Good morning.
I spent yesterday out in Silicon Valley, visiting two companies whose combined market cap now exceeds $1.3 trillion—more than Exxon, J.P. Morgan, GE and AT&T combined. It reminded me how, not long ago, people in the Valley argued that “big” companies were a thing of the past, and that nimble, venture-backed start-ups would win the future. In fact, “bigness” has become bigger than ever in the corporate world. It just has a different structure and logic.

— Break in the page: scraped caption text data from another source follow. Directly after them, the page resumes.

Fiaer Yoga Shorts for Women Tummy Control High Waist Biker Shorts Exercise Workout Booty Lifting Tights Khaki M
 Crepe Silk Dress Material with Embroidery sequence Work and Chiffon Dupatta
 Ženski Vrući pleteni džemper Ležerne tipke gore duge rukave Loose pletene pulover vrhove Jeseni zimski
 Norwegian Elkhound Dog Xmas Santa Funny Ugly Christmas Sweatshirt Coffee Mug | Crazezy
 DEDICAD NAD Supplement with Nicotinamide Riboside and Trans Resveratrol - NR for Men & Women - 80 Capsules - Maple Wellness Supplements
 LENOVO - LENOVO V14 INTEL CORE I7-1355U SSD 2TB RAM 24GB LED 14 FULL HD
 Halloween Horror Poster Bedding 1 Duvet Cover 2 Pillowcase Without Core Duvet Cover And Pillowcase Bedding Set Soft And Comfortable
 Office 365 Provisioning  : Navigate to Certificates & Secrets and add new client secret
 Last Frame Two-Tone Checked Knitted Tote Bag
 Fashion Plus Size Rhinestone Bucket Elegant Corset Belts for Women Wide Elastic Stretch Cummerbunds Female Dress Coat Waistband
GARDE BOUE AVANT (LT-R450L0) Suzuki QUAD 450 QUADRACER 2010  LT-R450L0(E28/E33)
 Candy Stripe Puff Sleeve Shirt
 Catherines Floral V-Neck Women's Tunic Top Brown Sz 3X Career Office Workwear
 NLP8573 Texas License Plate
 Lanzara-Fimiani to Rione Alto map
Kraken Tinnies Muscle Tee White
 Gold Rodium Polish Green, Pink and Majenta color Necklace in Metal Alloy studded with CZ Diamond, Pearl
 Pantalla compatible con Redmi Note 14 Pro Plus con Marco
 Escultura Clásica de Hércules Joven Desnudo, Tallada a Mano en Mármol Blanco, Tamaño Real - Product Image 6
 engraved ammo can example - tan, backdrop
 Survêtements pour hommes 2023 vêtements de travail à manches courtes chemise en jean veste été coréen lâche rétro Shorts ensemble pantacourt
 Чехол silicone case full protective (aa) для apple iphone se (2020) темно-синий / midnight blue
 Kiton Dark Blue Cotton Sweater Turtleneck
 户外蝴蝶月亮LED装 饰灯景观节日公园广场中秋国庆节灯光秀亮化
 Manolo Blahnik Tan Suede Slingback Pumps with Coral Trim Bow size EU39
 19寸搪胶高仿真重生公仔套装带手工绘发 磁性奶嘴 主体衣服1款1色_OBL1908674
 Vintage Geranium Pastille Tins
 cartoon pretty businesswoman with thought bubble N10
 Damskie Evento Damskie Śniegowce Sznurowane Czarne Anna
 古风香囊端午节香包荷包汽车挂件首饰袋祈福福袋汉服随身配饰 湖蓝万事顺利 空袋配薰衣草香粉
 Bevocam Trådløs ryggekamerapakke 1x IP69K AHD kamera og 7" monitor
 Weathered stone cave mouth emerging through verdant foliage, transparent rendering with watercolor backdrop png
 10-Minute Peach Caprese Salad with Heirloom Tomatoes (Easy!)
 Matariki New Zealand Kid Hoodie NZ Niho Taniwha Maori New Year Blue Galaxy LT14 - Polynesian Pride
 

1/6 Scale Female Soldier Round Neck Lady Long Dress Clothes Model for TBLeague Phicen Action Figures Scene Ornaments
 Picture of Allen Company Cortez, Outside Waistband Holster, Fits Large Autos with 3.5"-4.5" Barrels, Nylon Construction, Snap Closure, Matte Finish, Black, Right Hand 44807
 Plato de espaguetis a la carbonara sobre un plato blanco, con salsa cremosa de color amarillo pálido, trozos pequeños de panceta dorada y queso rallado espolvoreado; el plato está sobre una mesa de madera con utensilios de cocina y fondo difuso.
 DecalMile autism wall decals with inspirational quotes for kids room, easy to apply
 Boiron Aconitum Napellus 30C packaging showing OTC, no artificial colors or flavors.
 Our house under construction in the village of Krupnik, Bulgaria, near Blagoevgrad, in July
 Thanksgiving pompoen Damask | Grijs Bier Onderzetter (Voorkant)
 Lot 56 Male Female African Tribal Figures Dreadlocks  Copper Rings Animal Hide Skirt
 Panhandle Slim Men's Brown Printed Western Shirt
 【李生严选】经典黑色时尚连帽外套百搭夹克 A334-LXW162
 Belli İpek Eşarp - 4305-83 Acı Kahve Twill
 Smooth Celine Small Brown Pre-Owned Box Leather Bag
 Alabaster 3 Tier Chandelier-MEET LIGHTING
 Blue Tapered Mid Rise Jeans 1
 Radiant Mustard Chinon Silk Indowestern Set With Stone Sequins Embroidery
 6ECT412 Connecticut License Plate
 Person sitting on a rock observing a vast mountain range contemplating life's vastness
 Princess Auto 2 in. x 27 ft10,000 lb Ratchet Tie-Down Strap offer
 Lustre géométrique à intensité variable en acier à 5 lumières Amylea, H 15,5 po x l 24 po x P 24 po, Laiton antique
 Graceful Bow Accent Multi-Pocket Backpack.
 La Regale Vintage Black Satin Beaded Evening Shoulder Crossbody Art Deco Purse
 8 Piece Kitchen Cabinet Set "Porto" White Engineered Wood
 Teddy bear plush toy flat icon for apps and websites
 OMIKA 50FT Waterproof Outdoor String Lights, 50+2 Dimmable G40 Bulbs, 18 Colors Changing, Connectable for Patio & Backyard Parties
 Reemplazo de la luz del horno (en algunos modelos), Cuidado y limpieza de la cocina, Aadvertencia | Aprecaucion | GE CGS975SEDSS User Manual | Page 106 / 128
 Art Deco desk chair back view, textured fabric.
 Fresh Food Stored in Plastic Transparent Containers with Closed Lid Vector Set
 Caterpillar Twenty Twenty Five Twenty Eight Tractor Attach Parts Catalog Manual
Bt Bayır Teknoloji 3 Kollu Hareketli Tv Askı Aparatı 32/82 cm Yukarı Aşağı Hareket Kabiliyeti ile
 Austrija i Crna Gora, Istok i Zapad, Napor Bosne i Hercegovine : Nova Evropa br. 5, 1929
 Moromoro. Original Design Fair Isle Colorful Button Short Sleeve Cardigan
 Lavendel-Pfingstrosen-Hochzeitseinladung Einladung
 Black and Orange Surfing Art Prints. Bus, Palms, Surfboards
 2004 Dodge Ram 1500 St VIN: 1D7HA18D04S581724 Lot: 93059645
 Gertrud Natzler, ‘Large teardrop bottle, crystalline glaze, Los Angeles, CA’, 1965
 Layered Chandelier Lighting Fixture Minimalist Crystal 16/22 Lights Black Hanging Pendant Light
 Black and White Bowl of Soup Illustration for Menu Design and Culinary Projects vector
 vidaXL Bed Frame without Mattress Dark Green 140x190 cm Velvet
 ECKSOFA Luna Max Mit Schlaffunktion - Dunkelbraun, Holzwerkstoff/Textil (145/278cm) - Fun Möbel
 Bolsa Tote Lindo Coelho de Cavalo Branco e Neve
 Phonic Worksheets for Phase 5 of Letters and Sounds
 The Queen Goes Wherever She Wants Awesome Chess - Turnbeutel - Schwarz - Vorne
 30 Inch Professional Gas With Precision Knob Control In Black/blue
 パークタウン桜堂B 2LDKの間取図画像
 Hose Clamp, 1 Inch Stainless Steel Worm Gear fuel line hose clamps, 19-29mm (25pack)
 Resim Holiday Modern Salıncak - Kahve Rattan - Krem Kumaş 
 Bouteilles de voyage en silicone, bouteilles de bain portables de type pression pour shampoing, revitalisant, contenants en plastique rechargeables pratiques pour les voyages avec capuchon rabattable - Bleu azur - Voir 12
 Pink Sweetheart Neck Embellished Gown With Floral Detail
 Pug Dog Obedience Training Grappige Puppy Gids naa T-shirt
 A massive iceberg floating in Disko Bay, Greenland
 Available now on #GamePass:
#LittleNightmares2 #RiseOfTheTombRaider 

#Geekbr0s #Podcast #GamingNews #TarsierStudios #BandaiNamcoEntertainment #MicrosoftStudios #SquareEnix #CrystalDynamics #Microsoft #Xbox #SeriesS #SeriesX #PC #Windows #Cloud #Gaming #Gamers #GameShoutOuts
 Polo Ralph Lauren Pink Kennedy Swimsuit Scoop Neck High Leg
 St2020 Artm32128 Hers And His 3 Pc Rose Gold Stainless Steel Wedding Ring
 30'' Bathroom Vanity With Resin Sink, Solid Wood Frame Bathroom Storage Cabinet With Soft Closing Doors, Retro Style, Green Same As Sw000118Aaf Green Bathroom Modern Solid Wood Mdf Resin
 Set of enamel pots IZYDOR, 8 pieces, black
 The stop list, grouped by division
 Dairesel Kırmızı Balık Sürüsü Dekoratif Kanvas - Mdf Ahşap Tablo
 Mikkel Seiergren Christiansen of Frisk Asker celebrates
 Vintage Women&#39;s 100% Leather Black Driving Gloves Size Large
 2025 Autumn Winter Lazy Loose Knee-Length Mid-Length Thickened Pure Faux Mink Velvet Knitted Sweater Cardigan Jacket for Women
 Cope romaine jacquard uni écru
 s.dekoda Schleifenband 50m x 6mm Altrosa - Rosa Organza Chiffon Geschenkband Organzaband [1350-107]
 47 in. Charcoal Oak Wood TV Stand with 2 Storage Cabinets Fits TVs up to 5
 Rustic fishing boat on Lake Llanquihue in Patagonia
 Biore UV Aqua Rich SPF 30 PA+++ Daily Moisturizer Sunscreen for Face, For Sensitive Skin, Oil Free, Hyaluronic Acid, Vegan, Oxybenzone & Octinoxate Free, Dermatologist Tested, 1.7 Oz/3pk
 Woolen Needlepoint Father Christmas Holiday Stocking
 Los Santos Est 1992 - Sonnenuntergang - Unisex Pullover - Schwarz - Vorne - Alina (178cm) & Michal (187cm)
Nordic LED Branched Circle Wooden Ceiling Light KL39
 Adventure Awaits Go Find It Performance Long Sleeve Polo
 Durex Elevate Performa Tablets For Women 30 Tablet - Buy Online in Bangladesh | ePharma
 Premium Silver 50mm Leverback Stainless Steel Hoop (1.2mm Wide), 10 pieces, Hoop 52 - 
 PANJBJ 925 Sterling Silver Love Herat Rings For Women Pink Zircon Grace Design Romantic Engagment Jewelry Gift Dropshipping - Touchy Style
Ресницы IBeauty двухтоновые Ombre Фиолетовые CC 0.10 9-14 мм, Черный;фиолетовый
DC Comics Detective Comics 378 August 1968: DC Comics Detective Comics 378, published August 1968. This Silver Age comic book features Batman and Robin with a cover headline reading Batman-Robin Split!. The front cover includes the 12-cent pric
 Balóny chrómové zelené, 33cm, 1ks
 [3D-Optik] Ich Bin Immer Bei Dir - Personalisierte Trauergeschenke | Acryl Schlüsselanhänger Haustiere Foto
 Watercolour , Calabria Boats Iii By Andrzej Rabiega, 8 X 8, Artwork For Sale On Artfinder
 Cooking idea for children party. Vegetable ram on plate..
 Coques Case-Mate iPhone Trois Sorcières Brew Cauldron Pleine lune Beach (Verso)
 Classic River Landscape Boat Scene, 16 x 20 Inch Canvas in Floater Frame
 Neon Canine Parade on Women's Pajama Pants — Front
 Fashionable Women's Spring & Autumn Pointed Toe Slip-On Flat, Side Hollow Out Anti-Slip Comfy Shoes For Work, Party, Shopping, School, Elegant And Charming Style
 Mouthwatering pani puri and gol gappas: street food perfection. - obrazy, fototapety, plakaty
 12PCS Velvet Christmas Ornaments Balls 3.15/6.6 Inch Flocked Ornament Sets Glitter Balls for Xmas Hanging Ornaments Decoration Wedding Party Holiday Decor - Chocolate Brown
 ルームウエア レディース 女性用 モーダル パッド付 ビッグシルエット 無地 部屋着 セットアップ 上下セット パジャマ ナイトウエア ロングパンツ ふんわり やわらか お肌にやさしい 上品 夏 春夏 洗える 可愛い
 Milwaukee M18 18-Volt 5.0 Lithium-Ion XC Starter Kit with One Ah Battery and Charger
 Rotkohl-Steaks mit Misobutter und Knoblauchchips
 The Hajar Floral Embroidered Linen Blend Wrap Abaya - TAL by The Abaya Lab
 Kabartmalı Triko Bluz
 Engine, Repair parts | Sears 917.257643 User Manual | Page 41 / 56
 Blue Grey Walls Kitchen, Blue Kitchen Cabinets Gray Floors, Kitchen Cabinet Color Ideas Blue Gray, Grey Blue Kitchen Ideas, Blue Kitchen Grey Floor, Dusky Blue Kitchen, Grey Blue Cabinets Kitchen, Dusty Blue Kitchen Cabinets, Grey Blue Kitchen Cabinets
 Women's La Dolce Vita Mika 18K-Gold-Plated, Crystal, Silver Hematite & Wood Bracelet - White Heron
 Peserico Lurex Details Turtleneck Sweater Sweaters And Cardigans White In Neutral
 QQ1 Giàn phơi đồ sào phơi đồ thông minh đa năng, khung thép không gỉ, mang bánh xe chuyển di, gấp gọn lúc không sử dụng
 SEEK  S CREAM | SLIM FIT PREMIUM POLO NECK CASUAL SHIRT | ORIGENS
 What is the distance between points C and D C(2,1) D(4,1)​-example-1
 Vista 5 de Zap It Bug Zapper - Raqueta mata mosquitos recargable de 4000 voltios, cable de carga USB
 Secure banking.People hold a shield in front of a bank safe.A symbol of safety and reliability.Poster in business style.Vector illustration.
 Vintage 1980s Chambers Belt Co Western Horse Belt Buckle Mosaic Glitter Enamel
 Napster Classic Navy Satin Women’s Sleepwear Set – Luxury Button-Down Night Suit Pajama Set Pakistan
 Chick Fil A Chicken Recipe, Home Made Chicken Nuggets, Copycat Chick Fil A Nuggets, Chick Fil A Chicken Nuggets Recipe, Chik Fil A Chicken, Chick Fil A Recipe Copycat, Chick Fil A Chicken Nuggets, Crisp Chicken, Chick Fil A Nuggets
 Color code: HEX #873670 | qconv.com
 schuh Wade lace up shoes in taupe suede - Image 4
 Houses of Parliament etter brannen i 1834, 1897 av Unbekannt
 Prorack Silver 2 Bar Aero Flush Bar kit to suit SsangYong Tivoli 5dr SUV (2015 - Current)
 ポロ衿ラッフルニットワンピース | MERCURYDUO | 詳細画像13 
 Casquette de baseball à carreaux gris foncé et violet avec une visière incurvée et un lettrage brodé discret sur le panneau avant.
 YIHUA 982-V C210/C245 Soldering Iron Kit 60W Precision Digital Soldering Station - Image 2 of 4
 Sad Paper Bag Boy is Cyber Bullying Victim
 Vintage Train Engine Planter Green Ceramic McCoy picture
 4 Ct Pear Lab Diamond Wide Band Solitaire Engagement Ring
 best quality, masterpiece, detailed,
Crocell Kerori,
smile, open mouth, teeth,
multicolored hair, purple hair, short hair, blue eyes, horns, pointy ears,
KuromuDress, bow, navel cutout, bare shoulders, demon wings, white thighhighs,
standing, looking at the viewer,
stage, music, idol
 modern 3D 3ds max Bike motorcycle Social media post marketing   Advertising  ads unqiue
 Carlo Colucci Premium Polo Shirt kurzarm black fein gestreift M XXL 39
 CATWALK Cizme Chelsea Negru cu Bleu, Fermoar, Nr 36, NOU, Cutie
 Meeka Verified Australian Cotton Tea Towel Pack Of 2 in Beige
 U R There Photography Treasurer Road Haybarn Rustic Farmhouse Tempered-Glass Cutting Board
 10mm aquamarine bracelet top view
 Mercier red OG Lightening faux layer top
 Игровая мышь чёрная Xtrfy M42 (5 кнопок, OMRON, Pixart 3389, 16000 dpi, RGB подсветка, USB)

The new issue of Harvard Business Review has an interesting piece marking the 50th anniversary of the publication of John Kenneth Galbraith’s “The New Industrial State,” which was one of the rare economic treatises to achieve bestseller status. (The 1960s equivalent of Thomas Piketty’s “Capital.”) In it, Galbraith warned of the dangers of unchecked corporate power. He felt the giants of the time—AT&T, GM, Standard Oil, IBM—had become the capitalist equivalent of the Soviet government—big, bureaucratic, all-powerful. Because of their control of capital and their marketing might, he said, their dominance would continue to grow.
It was a compelling theory, but turned out to be dead wrong. Those companies peaked soon thereafter, making way for the new breed—Microsoft, Apple, Amazon, Alphabet, Facebook—which have grown in scale not because of their control of capital and resources, but because of networking effects and the returns to scale inherent in digital businesses.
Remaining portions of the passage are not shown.